**About this exercise**: Please transcribe the listing below in full and word for word, without its pictures.

**Raw data**:

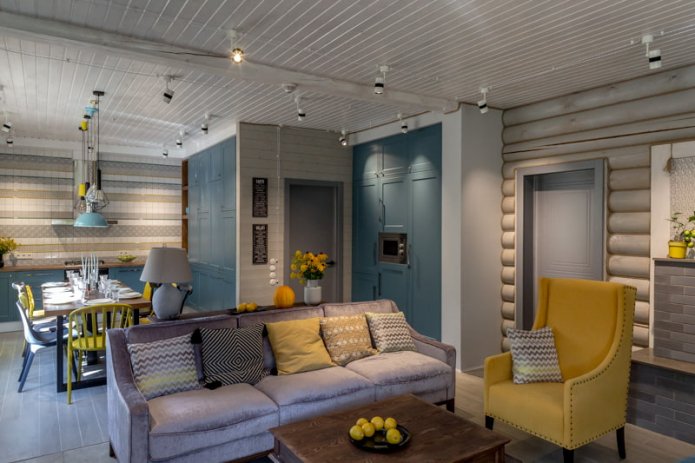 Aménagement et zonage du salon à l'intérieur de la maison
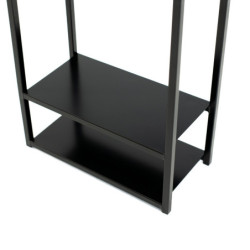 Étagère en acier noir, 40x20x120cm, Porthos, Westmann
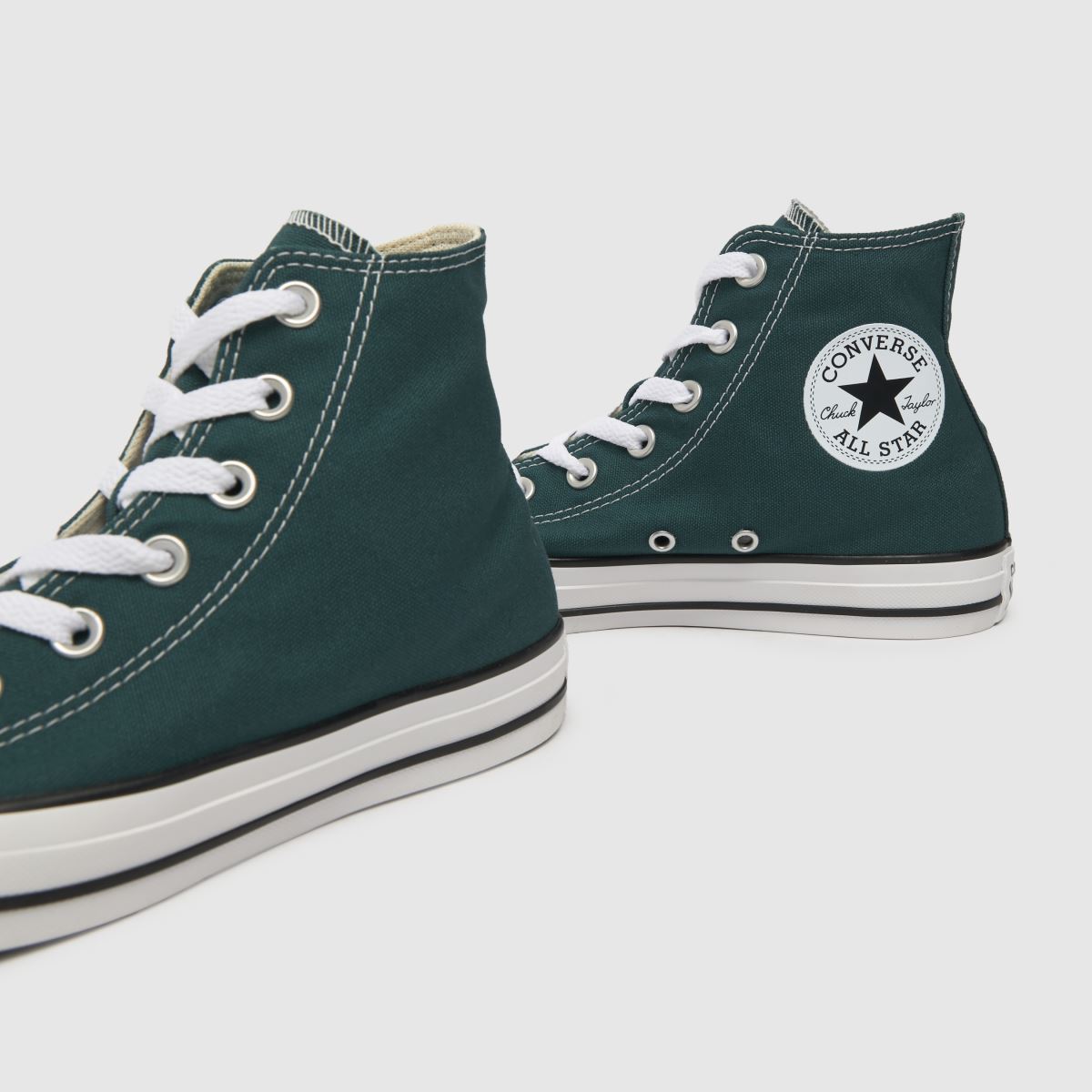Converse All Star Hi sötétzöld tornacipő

**Answer for this exercise**:
 Aménagement et zonage du salon à l'intérieur de la maison
 Étagère en acier noir, 40x20x120cm, Porthos, Westmann
Converse All Star Hi sötétzöld tornacipő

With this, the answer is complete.